_SOURCE MATERIAL_:
◇ ◇ ◇ ◇ ◇

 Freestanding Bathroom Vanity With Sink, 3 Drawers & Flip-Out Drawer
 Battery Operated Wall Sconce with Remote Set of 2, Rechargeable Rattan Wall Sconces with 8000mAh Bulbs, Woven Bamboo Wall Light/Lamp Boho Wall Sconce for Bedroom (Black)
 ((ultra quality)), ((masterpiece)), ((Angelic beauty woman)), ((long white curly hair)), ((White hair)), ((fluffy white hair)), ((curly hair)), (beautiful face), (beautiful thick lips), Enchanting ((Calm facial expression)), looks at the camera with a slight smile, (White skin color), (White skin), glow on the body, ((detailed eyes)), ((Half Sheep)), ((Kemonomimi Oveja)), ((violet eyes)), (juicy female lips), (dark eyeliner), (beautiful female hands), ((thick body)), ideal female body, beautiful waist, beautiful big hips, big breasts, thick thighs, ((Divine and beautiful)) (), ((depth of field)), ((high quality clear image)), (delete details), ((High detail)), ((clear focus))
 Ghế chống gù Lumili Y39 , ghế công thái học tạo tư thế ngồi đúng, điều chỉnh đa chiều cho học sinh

◇ ◇ ◇ ◇ ◇

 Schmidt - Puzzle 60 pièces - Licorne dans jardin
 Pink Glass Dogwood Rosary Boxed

◇ ◇ ◇ ◇ ◇

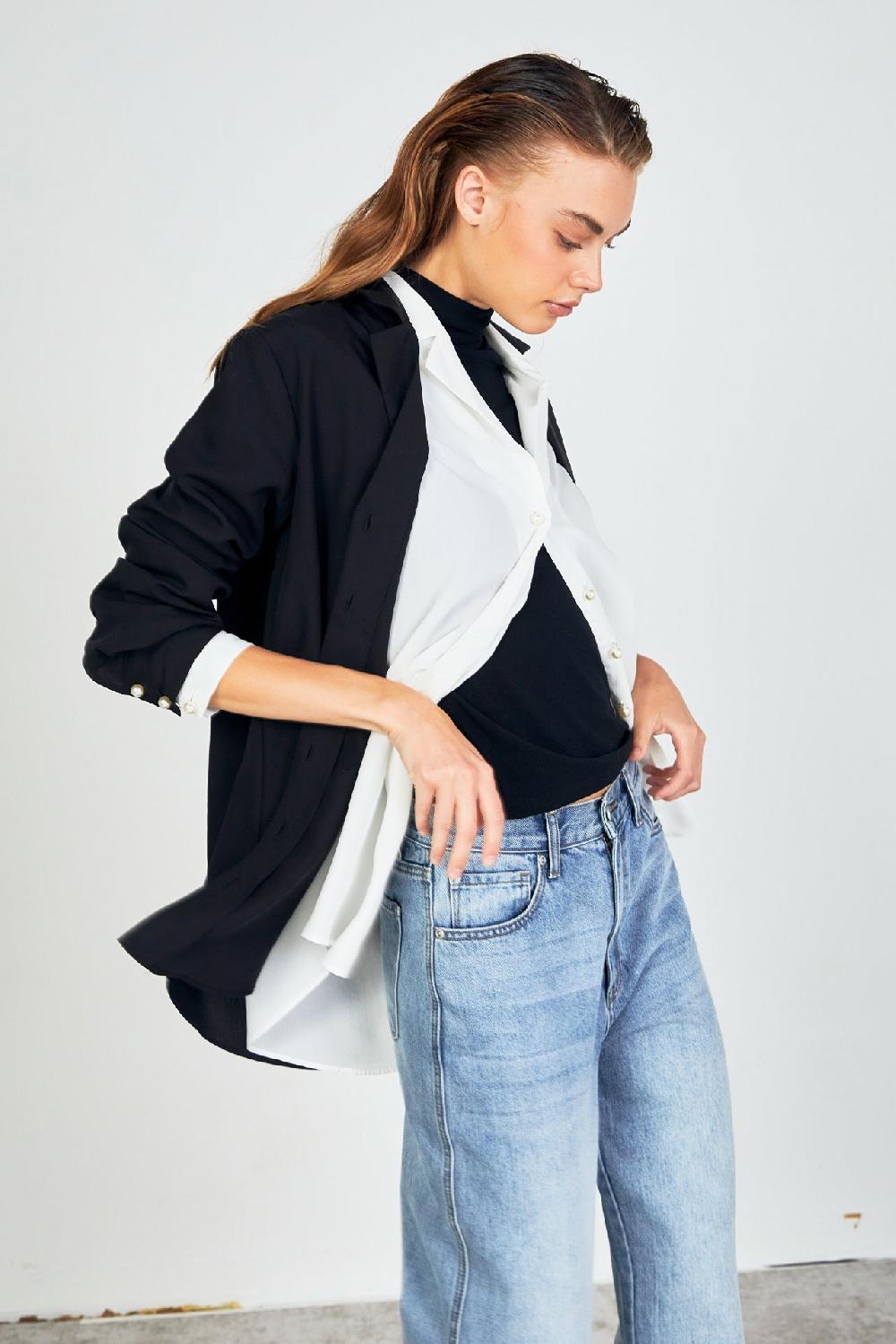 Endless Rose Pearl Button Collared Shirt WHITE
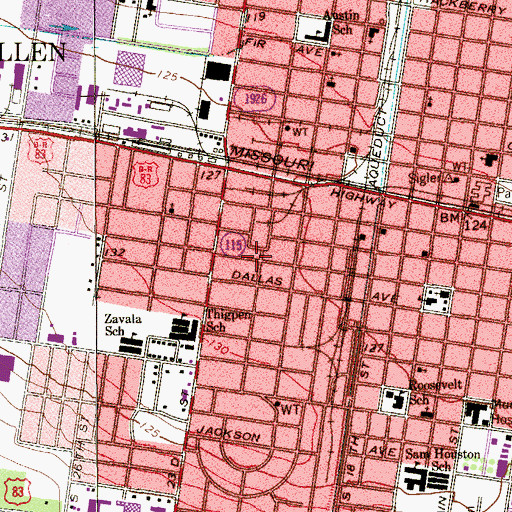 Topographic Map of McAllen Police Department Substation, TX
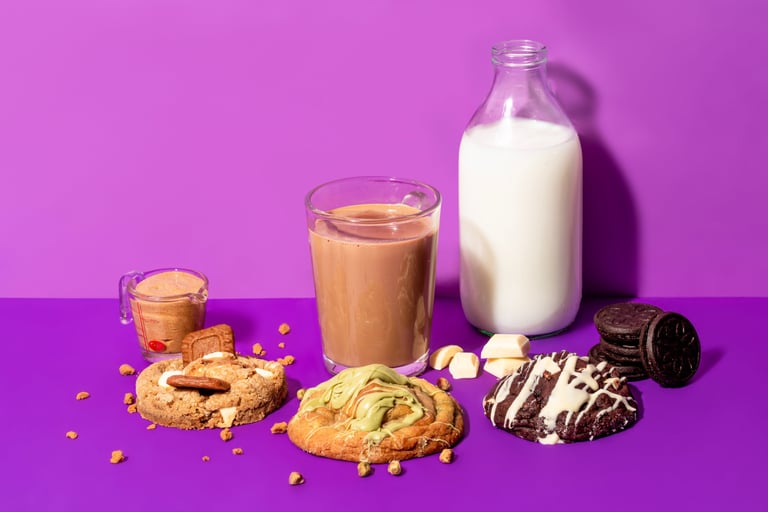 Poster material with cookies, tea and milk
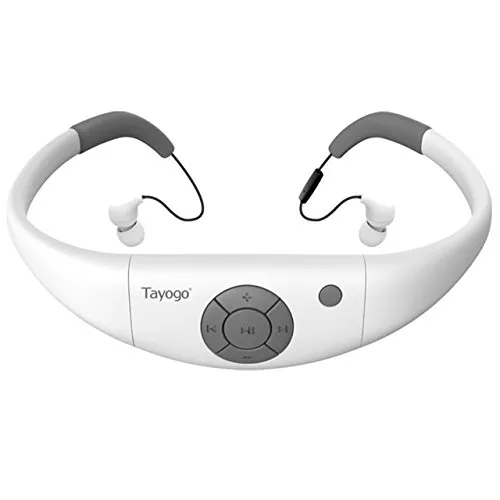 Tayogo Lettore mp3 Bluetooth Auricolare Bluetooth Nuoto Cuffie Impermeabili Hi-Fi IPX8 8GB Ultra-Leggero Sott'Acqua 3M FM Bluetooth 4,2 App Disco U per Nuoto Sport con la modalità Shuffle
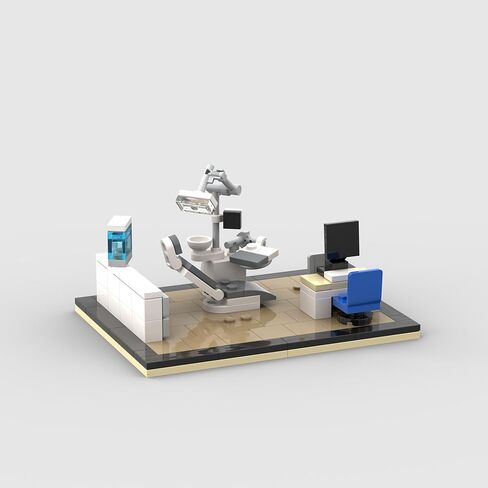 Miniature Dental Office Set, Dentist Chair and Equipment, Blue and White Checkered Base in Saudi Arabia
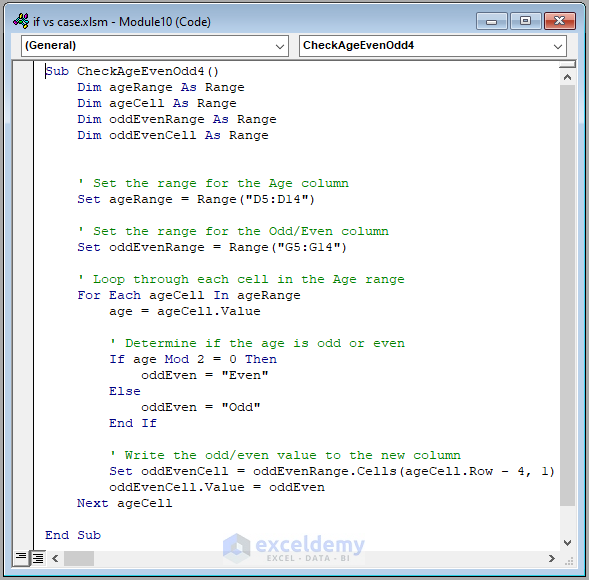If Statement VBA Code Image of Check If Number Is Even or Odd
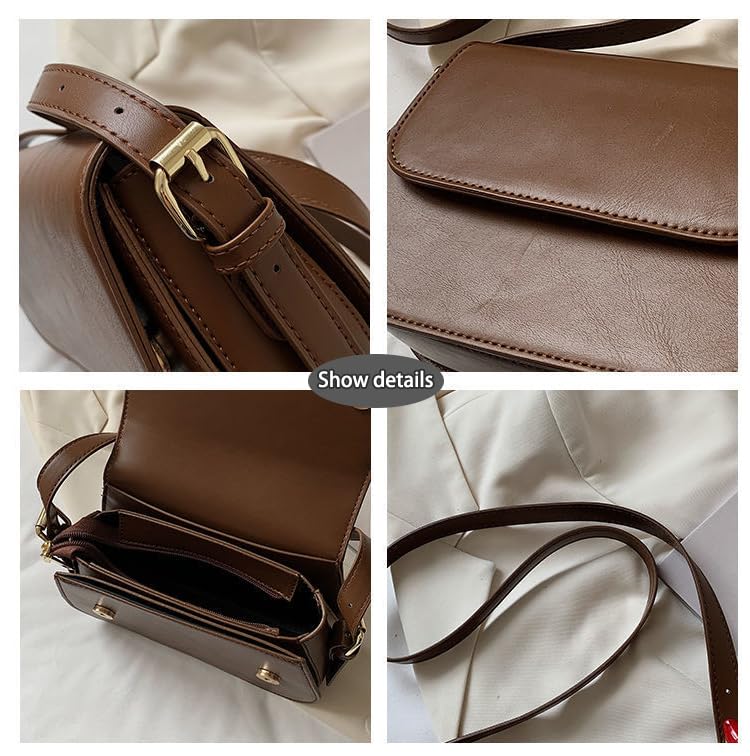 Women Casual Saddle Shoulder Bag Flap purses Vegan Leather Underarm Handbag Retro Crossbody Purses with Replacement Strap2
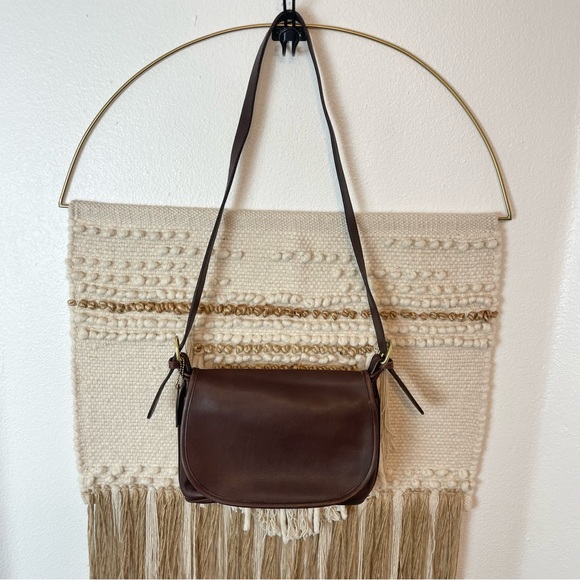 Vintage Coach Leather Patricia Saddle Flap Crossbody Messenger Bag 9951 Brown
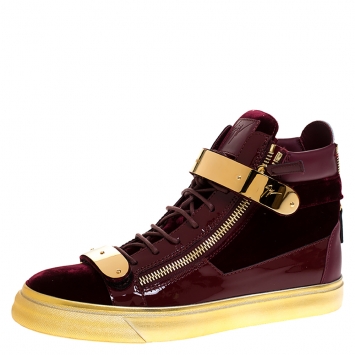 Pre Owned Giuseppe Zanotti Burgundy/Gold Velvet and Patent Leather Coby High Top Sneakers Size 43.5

◇ ◇ ◇ ◇ ◇

_WHAT YOU ARE ASKED TO DO_:
Within the listing above, the stretch from the line with "Topographic Map of" down to the line with "Pre Owned Giuseppe" is to be given again exactly, end lines included and pictures excluded.

_WRITTEN SOLUTION_:
 Topographic Map of McAllen Police Department Substation, TX
 Poster material with cookies, tea and milk
 Tayogo Lettore mp3 Bluetooth Auricolare Bluetooth Nuoto Cuffie Impermeabili Hi-Fi IPX8 8GB Ultra-Leggero Sott'Acqua 3M FM Bluetooth 4,2 App Disco U per Nuoto Sport con la modalità Shuffle
 Miniature Dental Office Set, Dentist Chair and Equipment, Blue and White Checkered Base in Saudi Arabia
If Statement VBA Code Image of Check If Number Is Even or Odd
 Women Casual Saddle Shoulder Bag Flap purses Vegan Leather Underarm Handbag Retro Crossbody Purses with Replacement Strap2
 Vintage Coach Leather Patricia Saddle Flap Crossbody Messenger Bag 9951 Brown
 Pre Owned Giuseppe Zanotti Burgundy/Gold Velvet and Patent Leather Coby High Top Sneakers Size 43.5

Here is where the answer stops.